We will come to find that the only shameless, staunch defender of sugar in this entire epic two-part work is one Astoria Greengrass, wife to Draco Malfoy — who also happens to get brutally offed by a blood curse. Coincidence? I think not. And look at this poor baby cinnamon roll Scorpius — already he has been conditioned by society to doubt his love for dessert, disavowing it faster than he disavows the fact that everyone thinks he's the secret time-traveling heir of Wizard Hitler.

If that doesn't just break your rotting, sugary heart, then Albus's next line will:

"I'll have some ... Mum doesn't let me have sweets."

Let me get this straight: Ginny Weasley doesn't let her kids have sweets? Be still my Hufflepuff heart. The little sister of the very same boys who used to sneak into the kitchens and charm house elves into surrendering pumpkin pasties is raising her kids in a dessert-less world? Honestly, no wonder Albus had issues with his father. I'd have issues with anyone who sat back in cowardice and silently supported that kind of nonsense.

But wait, my friends. The tyranny of the adult Weasley clan knows no bounds. For not 20 pages later Hermione is talking to Harry in his office when this happens.

HERMIONE: Do you fancy a toffee? Don't tell Ron.

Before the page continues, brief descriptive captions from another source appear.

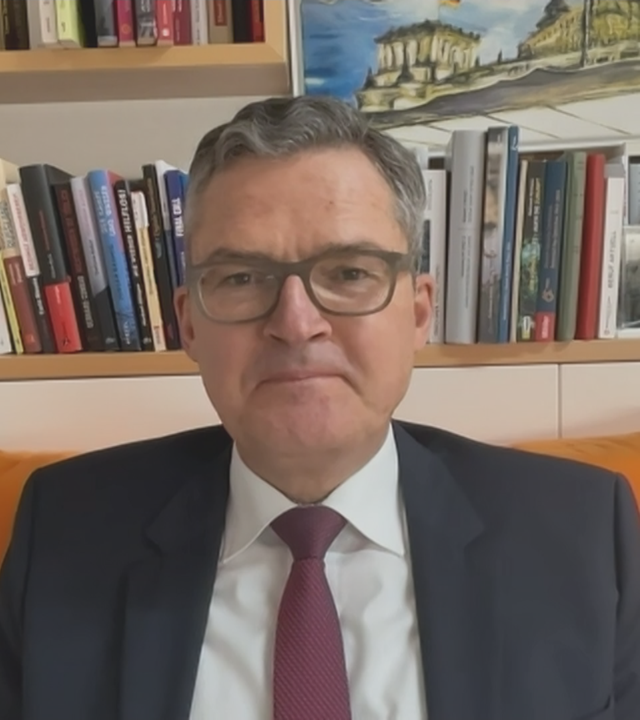 CDU-Außen- und Sicherheitspolitiker Roderich Kiesewetter per Video dazugeschalten aus seinem vermutlichen privat-Büro. Es steht ein volles Bücherregal hinter ihm.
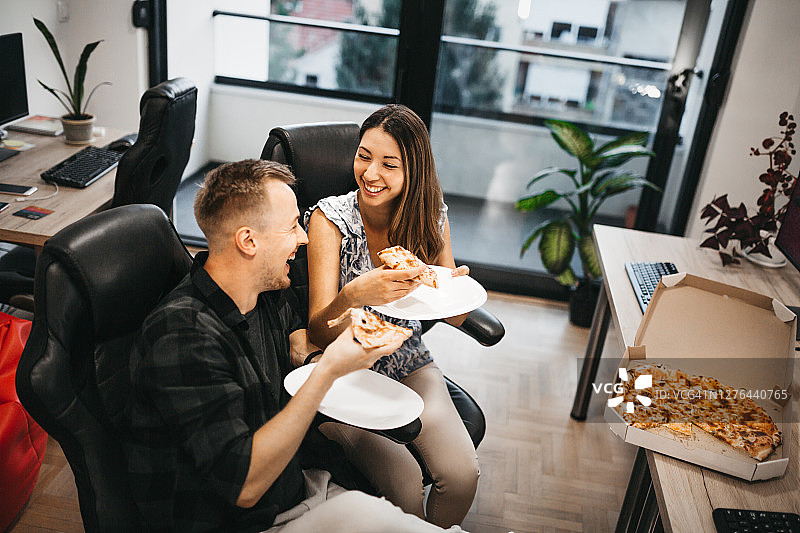 饥饿的同事在办公室午休图片素材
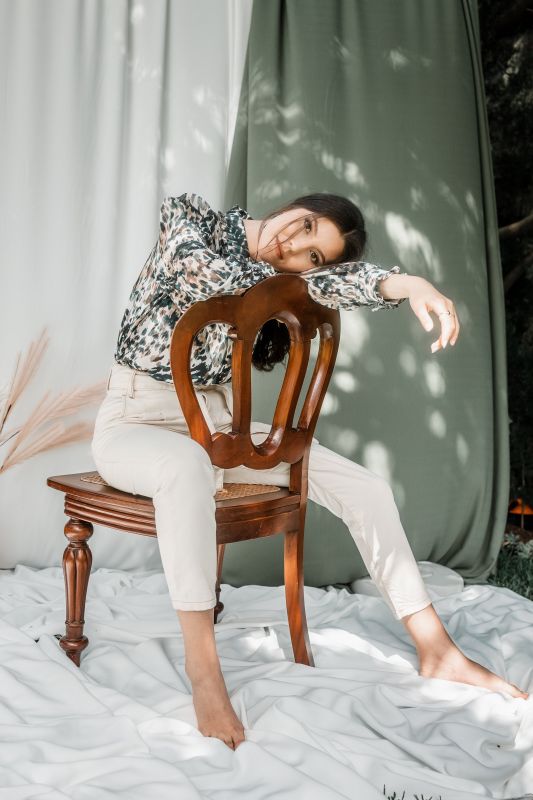Chemise à imprimé blanc cassé et rayures vertes pour une tenue originale et raffinée.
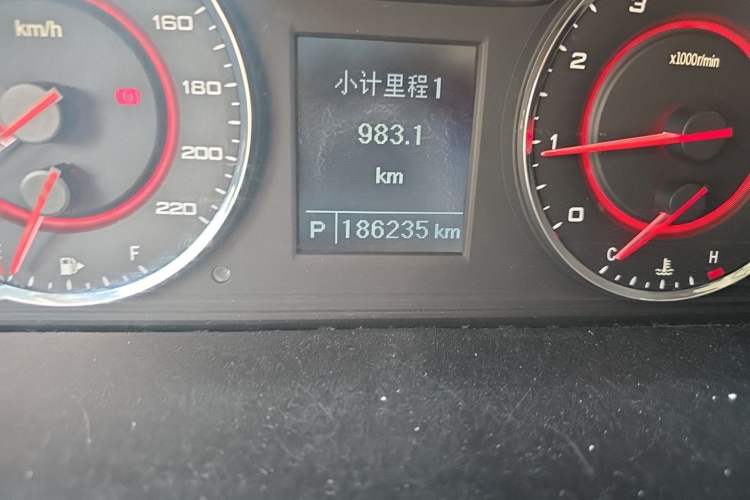 Used SAIC MAXUS G10 2014 2.0T Automatic Elite Edition Odometer Close Up
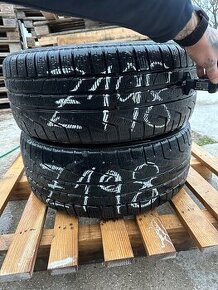 Z198 2ks zimné 235/40R19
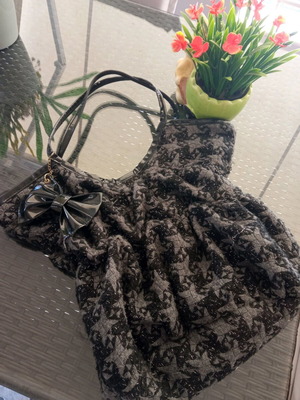 Y2K-Early 00s shoulder bag with black bow like new, grey/black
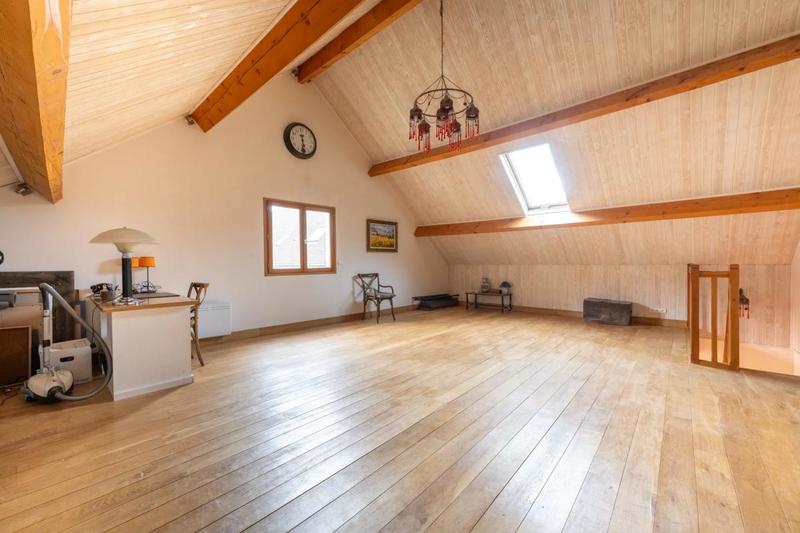 Propriété - 210 m² - 7 pièces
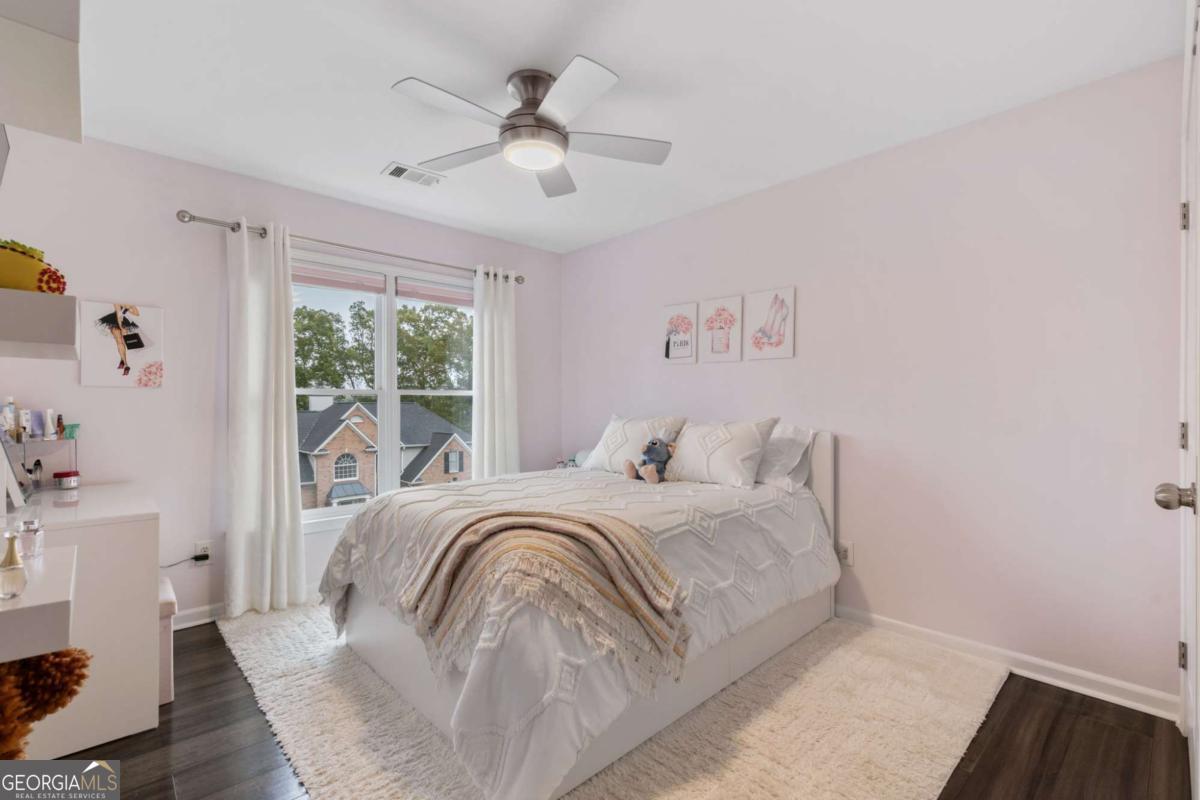 4290 CANTERBURY WALK Drive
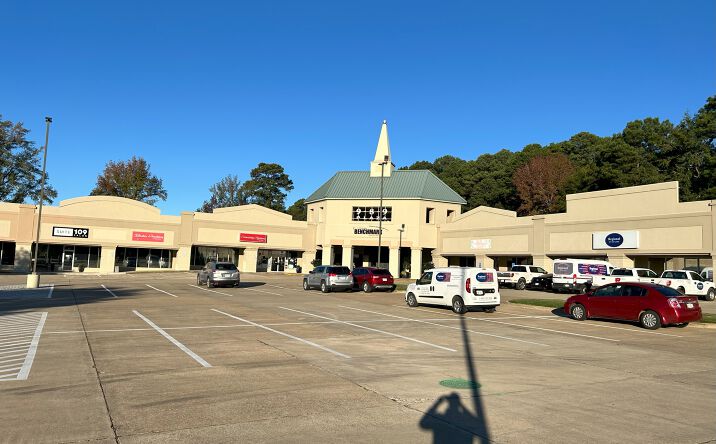 Pictures of Office, Retail property located at 4115 N Kings Hwy, Nash, TX 75569 for lease - image #1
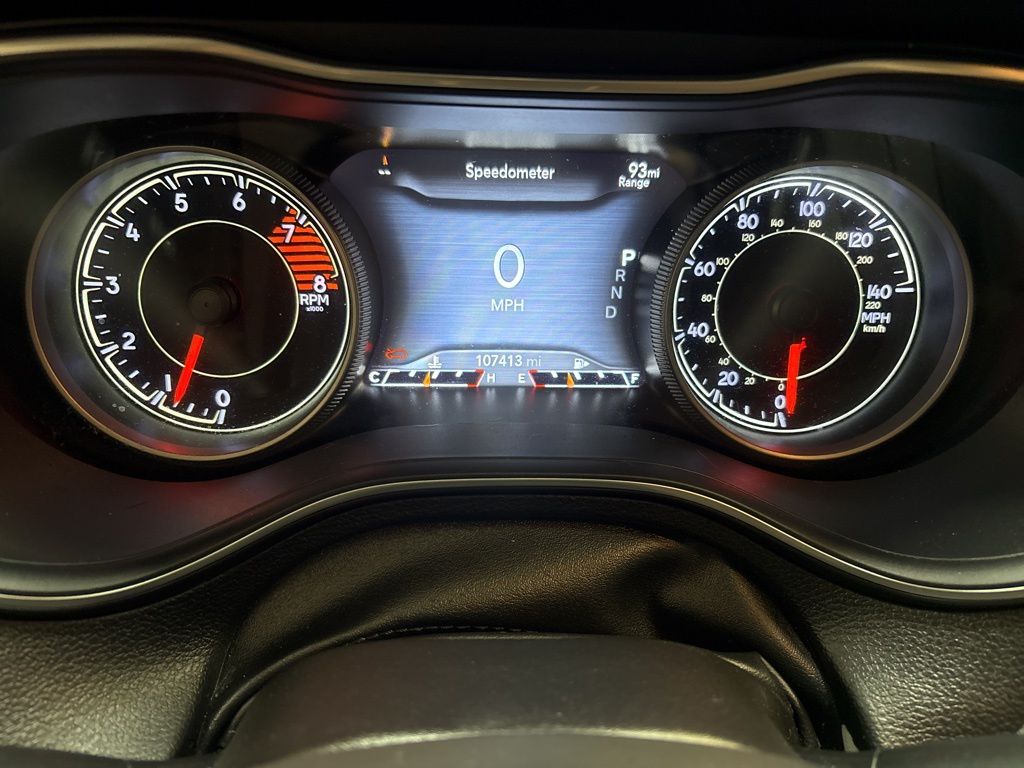 Thumbnail: 2019 Jeep Cherokee - 16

HARRY: You're changing the subject.

HERMIONE: I truly am. Toffee?

HARRY: Can't. We're off sugar at the moment. (Beat.) You know, you can get addicted to that stuff?

I'm sorry — "Don't tell Ron"? Fierce, independent, takes-no-prisoners, one time enchanted an entire flock of paper birds to attack her now husband, is eating a toffee and says ... DON'T TELL RON???

Also, "we're off sugar at the moment"? This is a kid who was locked in a closet and ate scraps for 11 years, and his wife — who grew up in a normal, magical household, where I assume they all know spells to prevent cavities and clogged arteries or whatever — has dictated that they're off sugar? No wonder he keeps having all these stress-induced nightmares about Voldy. Also, I'm sorry, old man version of Harry, but "you can get addicted to that stuff?" You faced and defeated the greatest of evils ever known to mankind. I think you'll be OK.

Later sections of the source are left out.